Ce 10 mars 2020, des élus du Lot-et-Garonne se sont fait les portes paroles d’un petit nombre d’agriculteurs, irrigants et menaçants, devant Mme Wargon, Secrétaire d’État auprès de la ministre de la Transition écologique et solidaire, pour arracher le droit d’utiliser l’eau illégalement stockée en vue de l’irrigation estivale de leurs cultures. Le 26 février 2020, la préfète du Lot-et-Garonne avait pourtant mis en demeure de le vidanger, car une étude de sécurité commanditée par la Chambre d’Agriculture elle-même soulignait des risques de rupture de l’ouvrage.

Devant cette annonce incompréhensible pour la sécurité de la population située en aval mais aussi pour le respect du droit, France Nature Environnement a interpellé Mme Borne, Ministre de la Transition écologique et solidaire, et Mme Wargon ce même mardi 10 mars. Contrairement à ce qu’ont annoncé les élus à la sortie de leur réunion, les deux ministres ont confirmé à France Nature Environnement que cet arrangement n’équivaut aucunement à une démarche de régularisation et que les exigences de l’Etat pour un retour à la légalité restent entières.

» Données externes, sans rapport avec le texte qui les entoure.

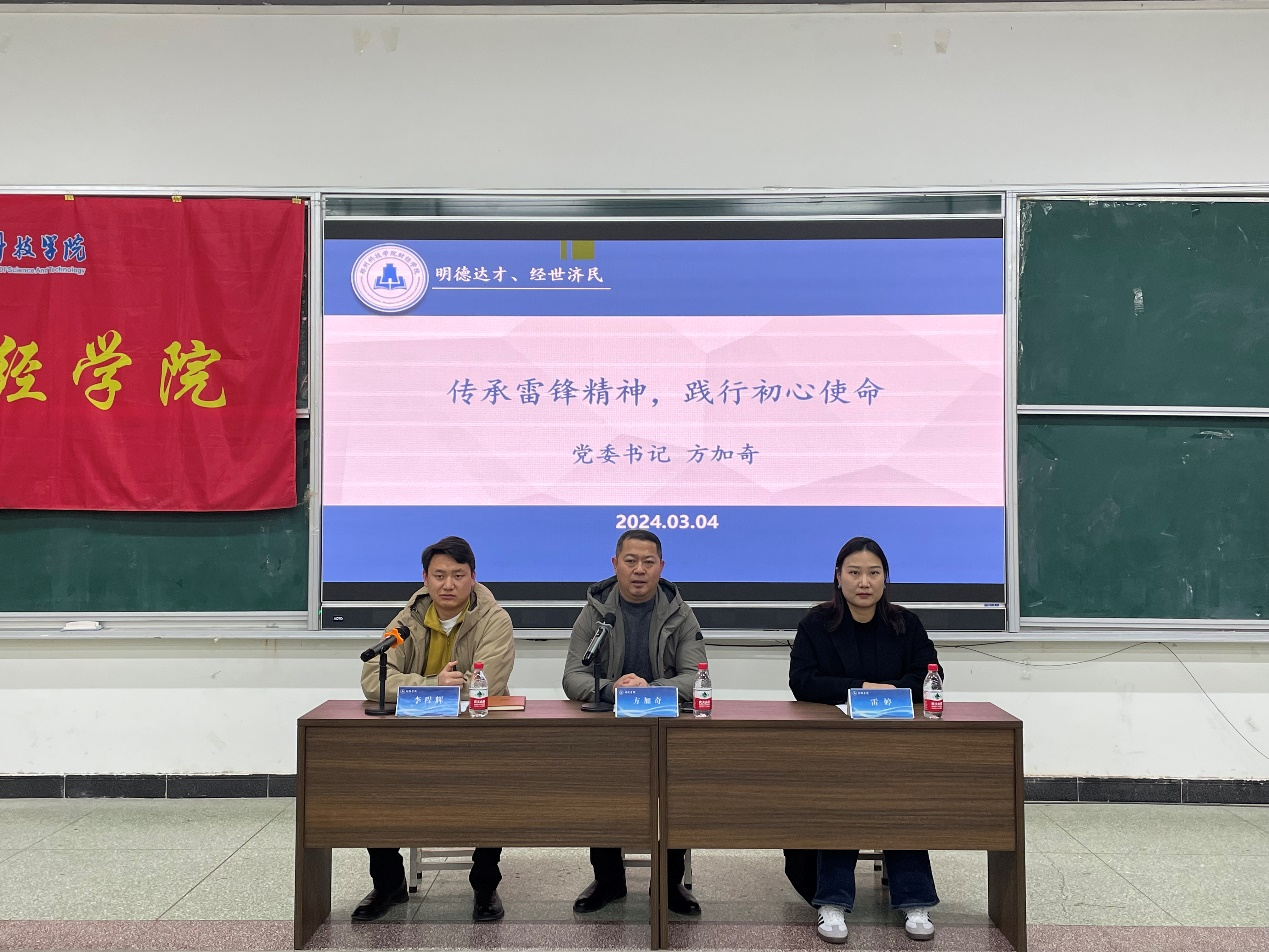 微信图片_20240305090112.png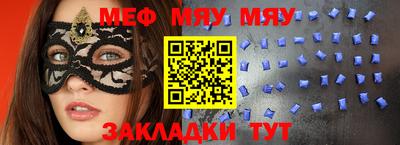 метамфетамин Ливны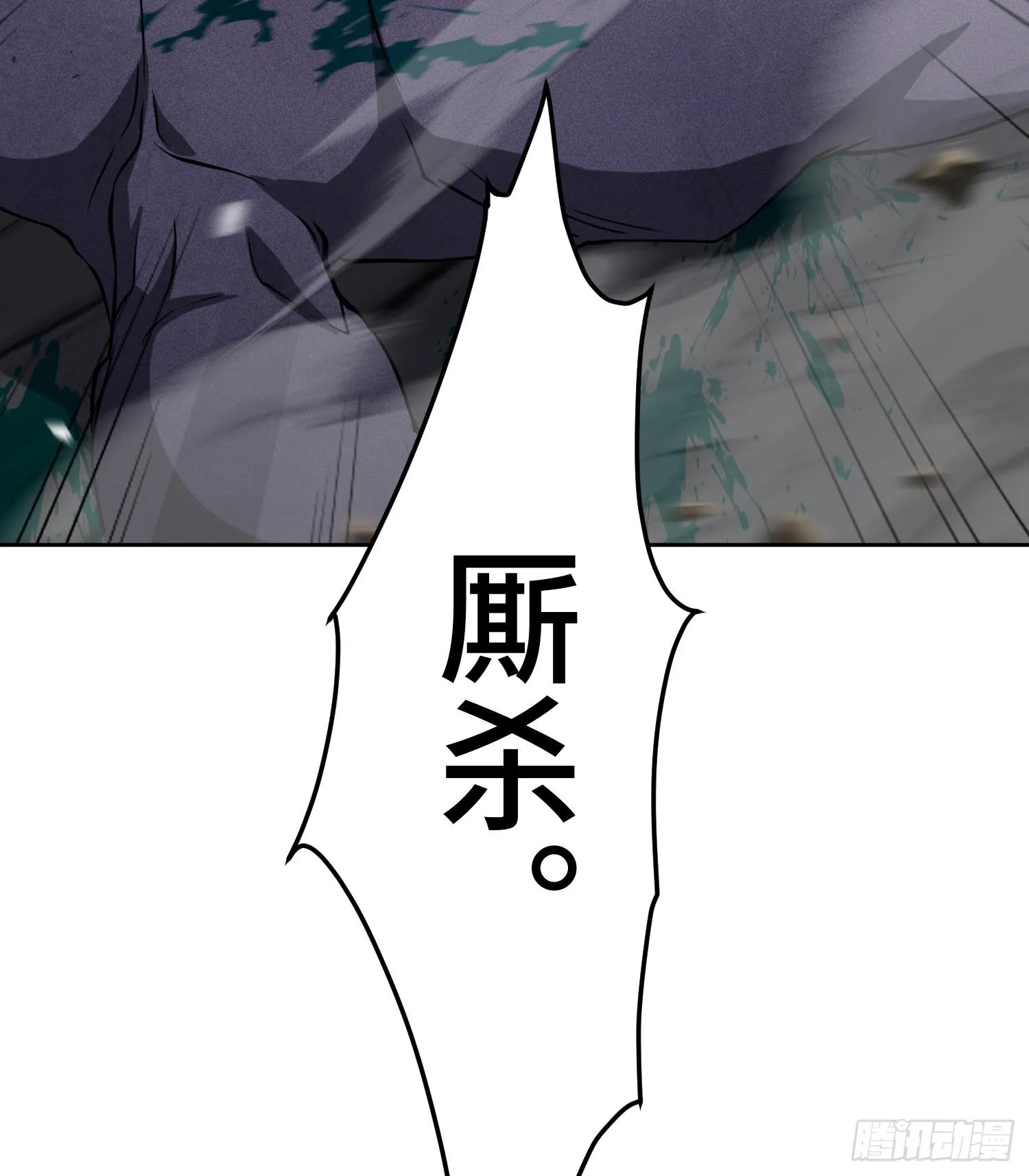 第九十三话 幸运 第18页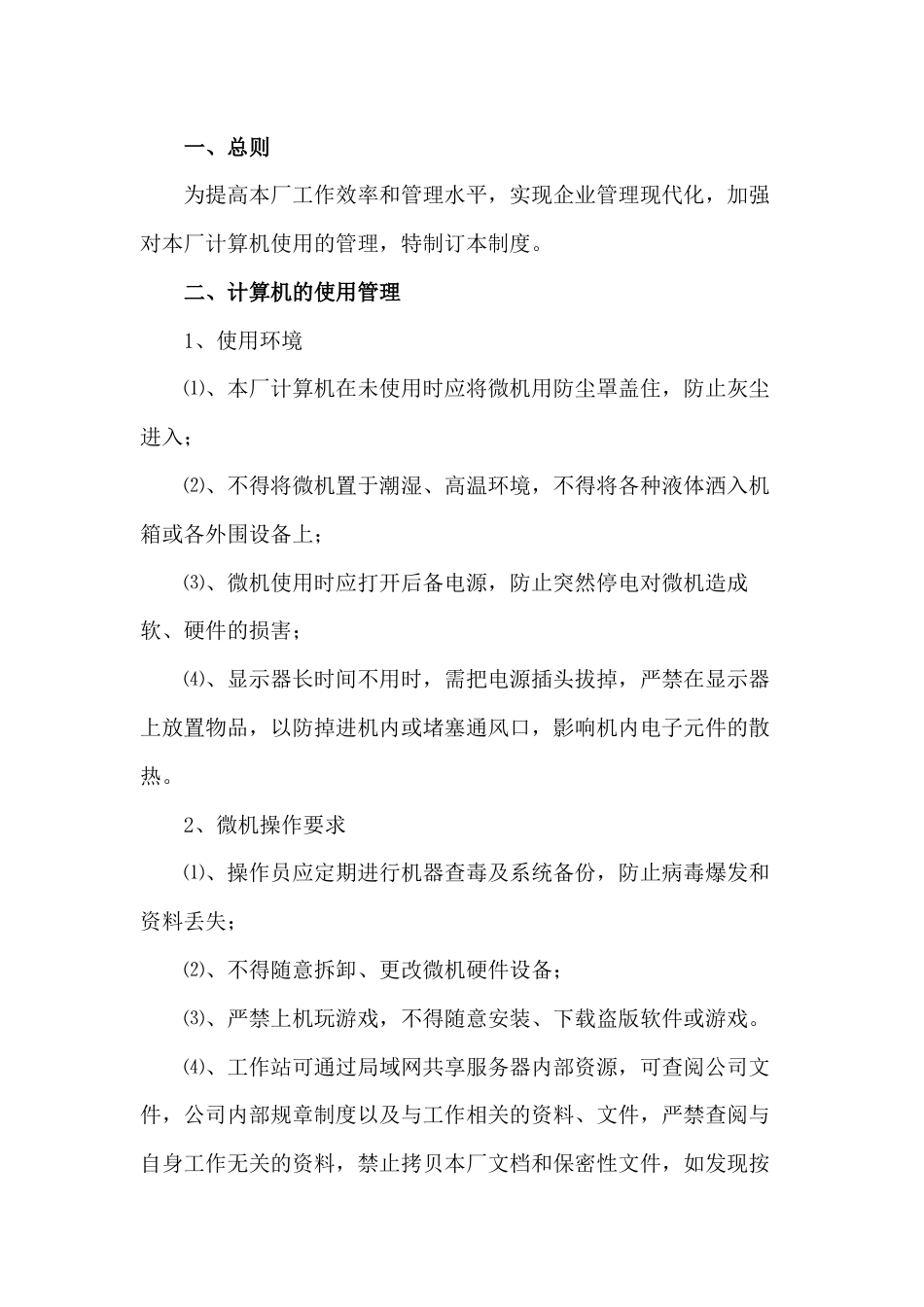 某企业电脑管理制度_第1页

La politique du chantage et de la violence récompensée

Il n’en demeure pas moins que « cette nouvelle concession, qui consiste à laisser utiliser cet été l’eau du barrage de Caussade, est une véritable prime à la délinquance écologique ! Des passe-droits sont donnés à ceux qui ont refusé les règles de gestion du bien commun qu’est l’eau, alors que ce type de projet devrait toujours être issu d’un vrai projet de territoire, collectif, prenant en compte tous les usages. L’Etat cautionne un accaparement illégal de l’eau dans un contexte de menaces verbales et physiques de la part d’irrigants et syndicalistes agricoles, ceci est inacceptable en démocratie ! », fustige Michel Dubromel, président de France Nature Environnement. C’est un très mauvais signal pour le déploiement des Projets Territoriaux de Gestion de l’Eau, prônés par les Assises de l’Eau.

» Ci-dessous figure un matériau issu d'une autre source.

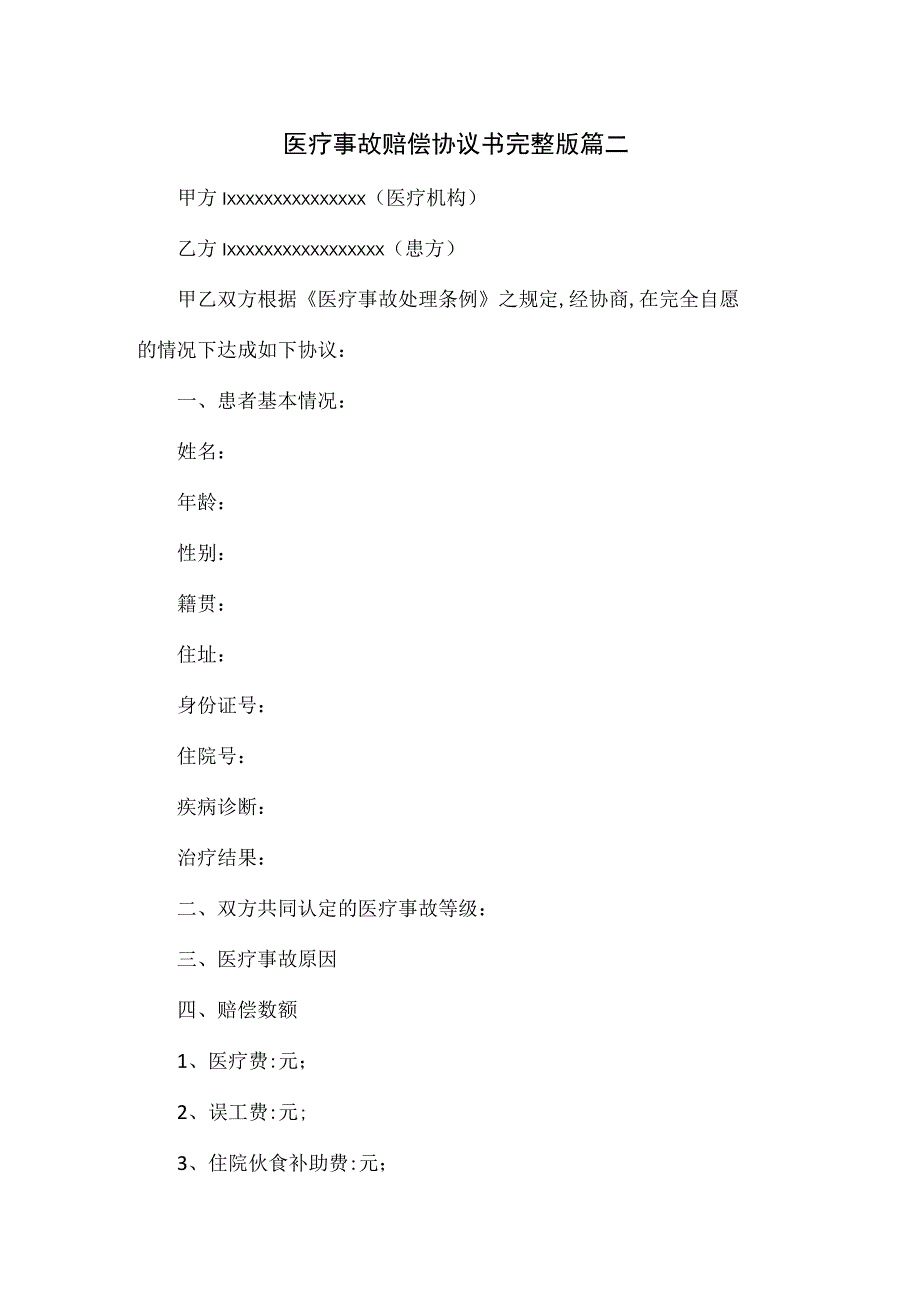 医疗事故赔偿协议书完整版篇二.docx_第1页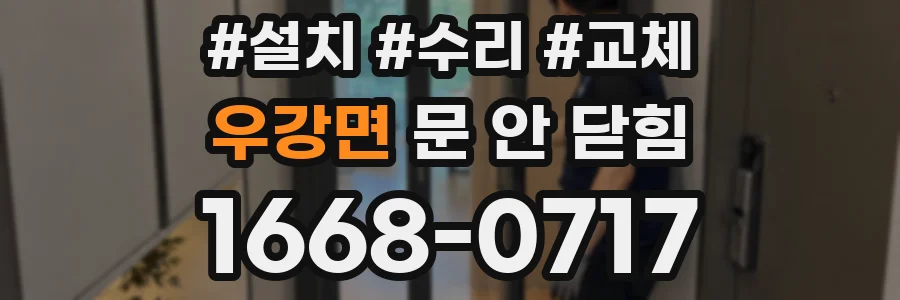 우강면 문 안 닫힘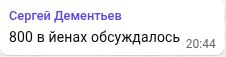Менеджер поясняет, что речь шла об иенах — фрагмент WhatsApp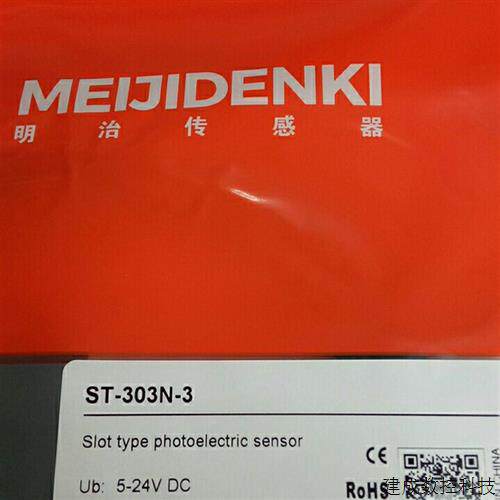 议价明治  ST-303NA-E-CN   八月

Le risque à court terme sur la sécurité publique est évidemment inadmissible et France Nature Environnement est prêt à engager la responsabilité de l’État à ce sujet. Des vies humaines sont en danger. Mais ceci ne doit pas masquer les risques à moyen terme pour une gestion quantitative de l’eau, qui sont pourtant avérés. Développer massivement l’irrigation est une mauvaise réponse face à la raréfaction de la ressource en eau. C’est encore plus vrai dans le bassin versant du Tolzac où la multiplication des retenues (plus de 700 recensées, de toute taille) aggrave le problème. Le Comité de Bassin Adour-Garonne avait identifié ce territoire pour qu’une stratégie plus globale y soit envisagée afin de répondre aux besoins de l’agriculture irriguée sans écraser les autres usages et détruire les milieux aquatiques. Les dérives de Caussade constituent un précédent gravissime pour la gestion quantitative de l’eau.

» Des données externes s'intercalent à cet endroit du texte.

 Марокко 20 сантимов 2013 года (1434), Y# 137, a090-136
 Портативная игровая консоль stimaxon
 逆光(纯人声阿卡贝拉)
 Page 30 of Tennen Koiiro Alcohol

Le barrage de Caussade, symbole de l’agriculture intensive

Coûteux et destructeur de biodiversité, le projet de barrage de Caussade participe au maintien d’un mode agricole intensif, qui prône le développement de l’irrigation pour s’adapter au changement climatique, au détriment du cycle naturel de l’eau et des autres usagers. Il a d’ailleurs reçu de nombreux avis défavorables tout au long de l’instruction administrative. Le projet avait finalement été stoppé par le tribunal administratif de Bordeaux le 13 novembre 2018 grâce à l’action de la SEPANSO Aquitaine et de France Nature Environnement. Malgré cette décision de justice interdisant les travaux, ceux-ci ont commencé le 22 novembre 2018 et se sont prolongés en 2019, jusqu’à la finalisation de l’ouvrage… sans aucun contrôle technique. Toujours au dépit de la loi, le lac a ensuite été rempli, laissant planer la perspective d’une rupture de la digue et d’une vague de 920 000m3 inondant la vallée.

C’est la raison pour laquelle le 26 février 2020, la préfecture du Lot-et-Garonne a exigé, dans un courrier aux élus locaux, une vidange du lac. Une demande qui a conduit les agriculteurs de la Coordination Rurale à se rassembler près de ce dernier, afin d’en empêcher l’accès aux forces de l’ordre.